Now, after two decades of experience making autoguiders and unique self-guiding two-sensor cameras, SBIG has developed the single-button/easy-to-use SG-4 for those who just don't want to use a computer to guide their DSLR or non-self-guiding CCD camera during a long exposure.
The SG-4 connects to a small photoguide refractor (not supplied) that is piggy-backed onto your main scope. While it is possible to use the SG-4 in an off-axis guider, it is much easier to use it with a guide scope. Simply attach the supplied tracking cable between the SG-4 and your telescope drive's autoguider input, plug the SG-4 into a 12VDC power supply (an AC adapter is also supplied), and it’s ready to go. The SG-4 uses opto-isolated mechanical relays with a RJ-11 type 6P6C jack output, so it can be used with any equatorial mount (even the Losmandy G-11), with no external relay box needed to isolate the mount from the guider.
An RS232 port allows an initial setup for your particular scope and drive, which does require the use of a computer, after which SG-4 operation is completely independent and computer-free. SBIG chose an RS-232 interface for a variety of reasons. Since the SG-4 was not intended to be used with a computer at all times, a fast interface was not that important for normal operations like viewing images and focusing. In addition, computer users often have problems with a high speed USB connection when trying to extend the cable beyond the standard 15 feet. With the RS-232 link the SG-4 can communicate over 150 feet cable runs with no special equipment. An optional Bluetooth transmitter may be connected to the RS232 port for wireless setup and download of the image if desired.
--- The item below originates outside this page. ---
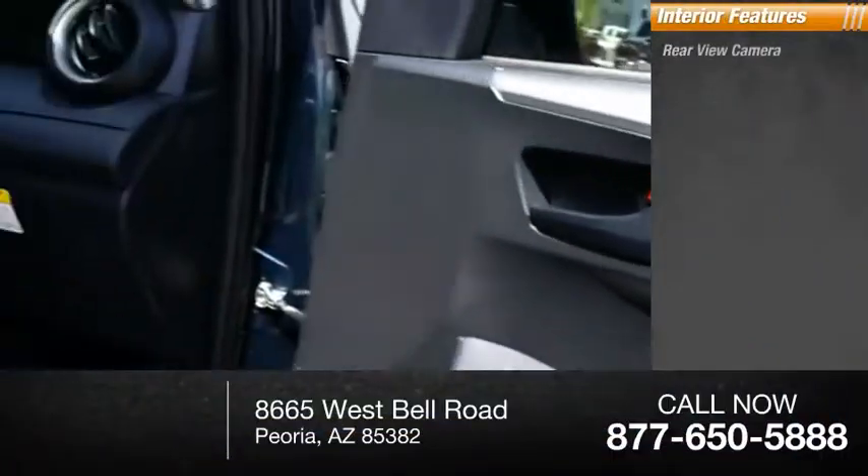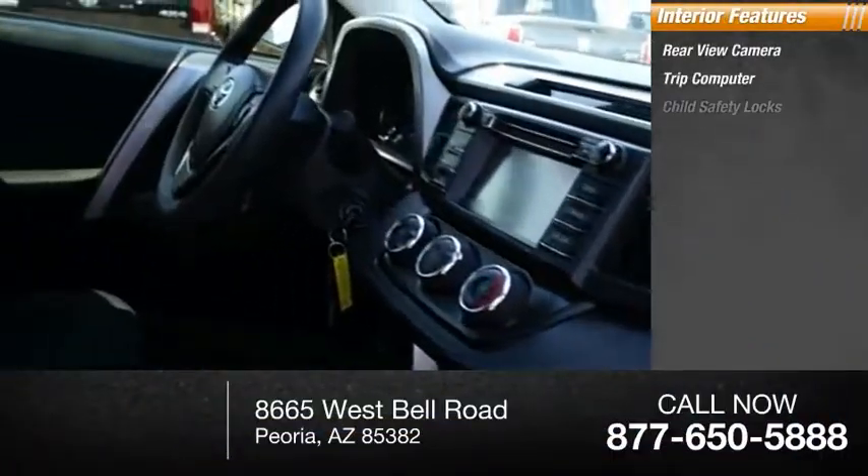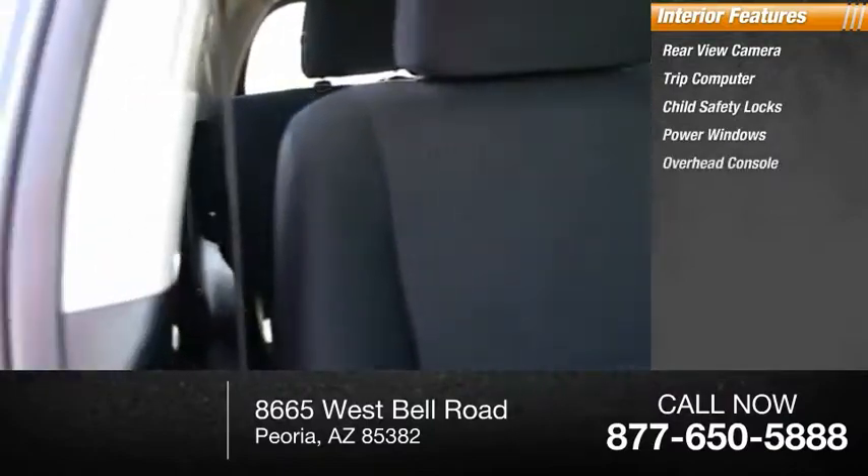Inside you'll find rear-view camera, trip computer, child safety locks, power windows, overhead console.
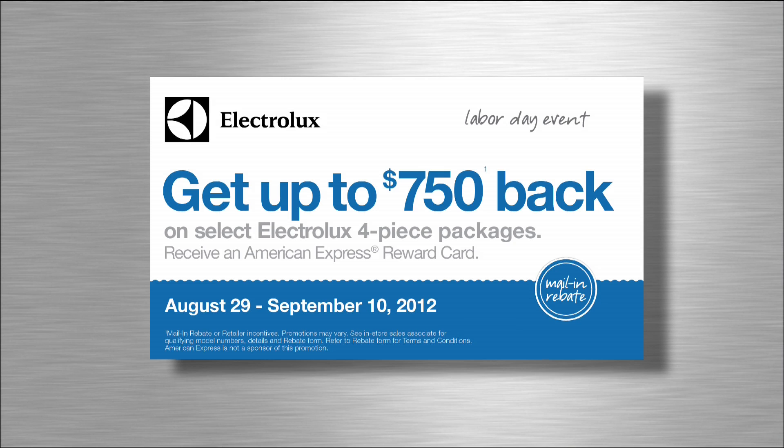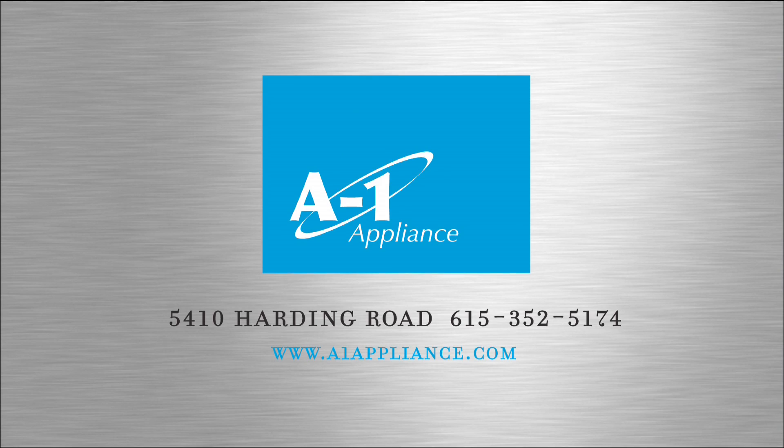For a limited time, get up to $750 back on select Electrolux four-piece packages. A1 Appliance is the place to buy Electrolux.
The SG-4 is completely stand-alone, with no computer or other external device required for operation after the initial setup. It uses a sensitive KAI-0340S CCD detector that has a 640 x 480 array of 7.4 micron pixels, with low read noise and low dark current. Minimum exposure time for guiding is 0.1 second, while the maximum exposure time is 10 seconds. The SG-4 is a true one-button device. Once it’s set up, push one button once to start it guiding and push the button a second time to turn it off when you’re through. That’s all it takes to autoguide.
To use the SG-4, you will need a user-supplied photoguide refractor at least 100mm in focal length. A 200 to 400mm focal length is optimal, with as fast an f/number as you can find. SBIG estimates that 95% of the time the SG-4 will find a guide star bright enough for a one second guide exposure if your guide scope focal ratio is f/7 or faster. A small, quality 60mm to 80 mm aperture refractor is recommended, and an Astro-Tech ED doublet in that size range would be an ideal choice. With a 60mm guide scope, the SG-4 can guide on stars as faint as 10th magnitude. The SG-4 mounts on your guide scope using either the 1.25” nosepiece provided with the SG-4, or the T- threads on the face of the SG-4 that are exposed when you unscrew its 1.25” nosepiece. A 2” nosepiece is available as an option for maximum connection rigidity with a guide scope having a 2” focuser.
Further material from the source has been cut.